I had set the carb with a vacuum gage and slightly backed it off after that before I took it in for paint 8 months ago. Before it was running rich. I'm no carb expert, but it runs pretty good now traffic and not a lot of smoke out the back, but it doesn't start as easily cold as it used to. I know that really rich carb used to start great when the motor was cold. Now, if it doesn't fire though, sometimes I'll get a big puff of smoke out from under the hood. Then it's really hard to start.

Most times in the morning on a cold start I pump the gas 3 times, pull the manual choke all the way out, crank it and usually it doesn't fire, so I crank it again with a little gas and it will fire most times, but sometimes it takes 3 or 4 tries. After it's hot, the only way I can get it to start again (whether it sits for 5 min or 2 hrs) is to leave my foot off the gas, crank the key and after 4 revs let go of the key. 7 out of 10 times it fires when I release the key. Sometimes it doesn't and when that happens, I'm lucky to get it started at all. When it happened yesterday at the gas station like that, I changed the battery to a new one and on the 2nd try after the flooded gas was cleared it fired. If the starter were sounding like it was struggling I would think for sure it's heat soak in the starter, but it sounds like it's spinning pretty good to me and then when I release the key it fires (which tells me the load from the starter requires release before the engine can fire?)

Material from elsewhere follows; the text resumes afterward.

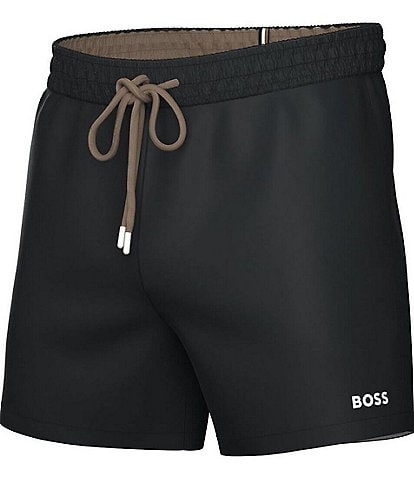 Hugo Boss Tio Navy 5.5#double; Inseam Drawstring Solid Graphic Logo Swim Trunks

I also wrapped almost all of my fuel lines last year, but I still have a 4" section up by the carb inlet that could use some wrap.

I reach under the hood and touch my coil and WOW!! It is extremely hot. I'm sure that's not good.
My starter could be getting hot too and it's so close to the block (closer than to the headers which are wrapped) that I couldn't get a heat shield in there, but this aluminum/fiberglass heat wrap I have fits, but I'm worried about trapping heat. A shield would be better.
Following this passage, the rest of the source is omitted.